### What you have to do
Transcribe exactly, please, the line bearing "House for rent" and all later lines through the end of the records, with the pictures left out.

Data extracted from a collection

◆ ◆ ◆ ◆ ◆

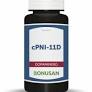 [8711827076148] Cpni-11D Dopaminergico 90Caps (Bonusan)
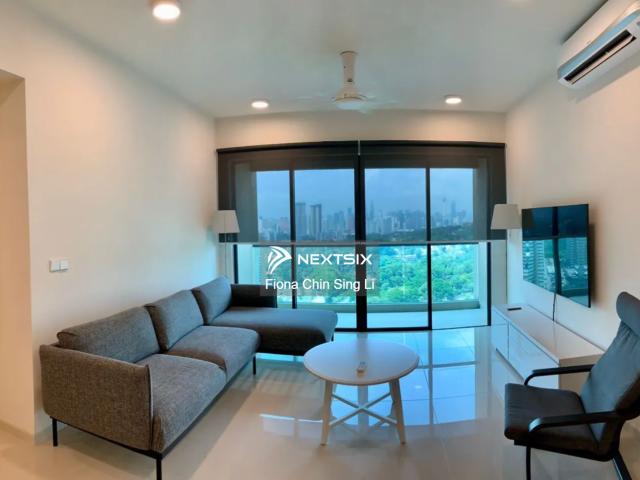 House for rent in Country Heights Damansara, Kuala Lumpur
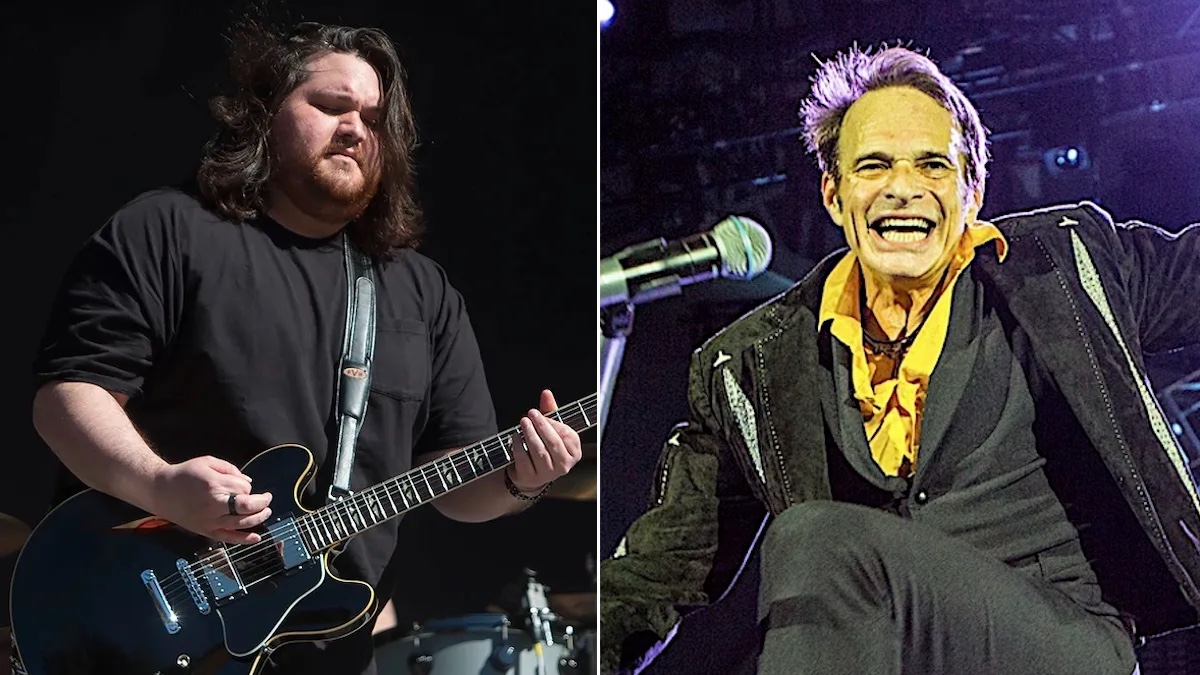 Wolfgang Van Halen Reacts To David Lee Roth's Rant - Cirrkus News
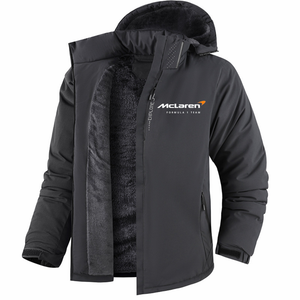 Winterjacke „Vector“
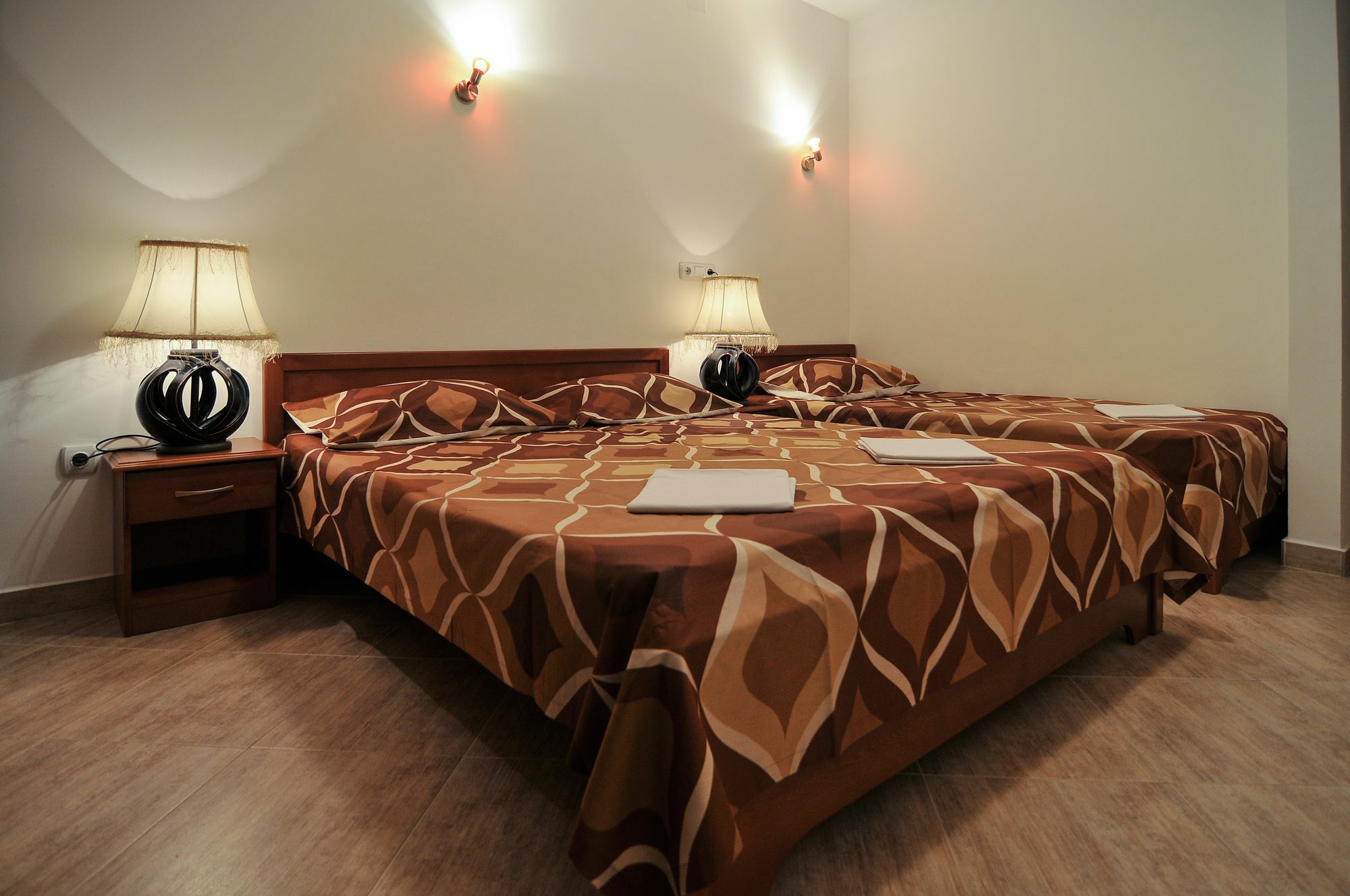 Apartments Samardzic Tivat Zewnętrze zdjęcie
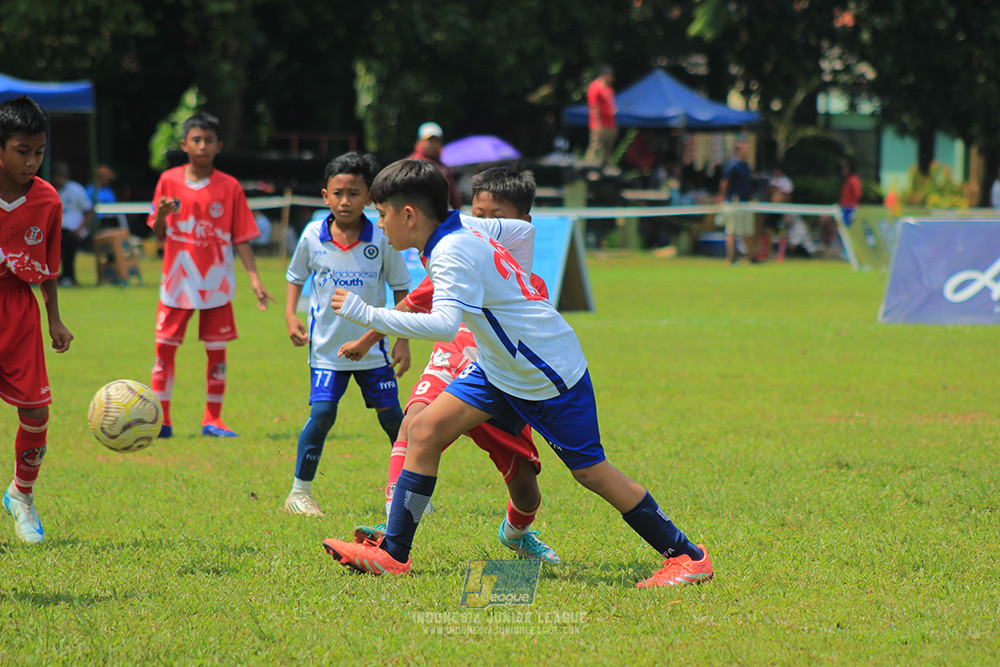 ijl big16 u10 021125 indonesia muda utara vs indonesia youth fa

◆ ◆ ◆ ◆ ◆

### Solution to this problem
 House for rent in Country Heights Damansara, Kuala Lumpur
 Wolfgang Van Halen Reacts To David Lee Roth's Rant - Cirrkus News
 Winterjacke „Vector“
 Apartments Samardzic Tivat Zewnętrze zdjęcie
 ijl big16 u10 021125 indonesia muda utara vs indonesia youth fa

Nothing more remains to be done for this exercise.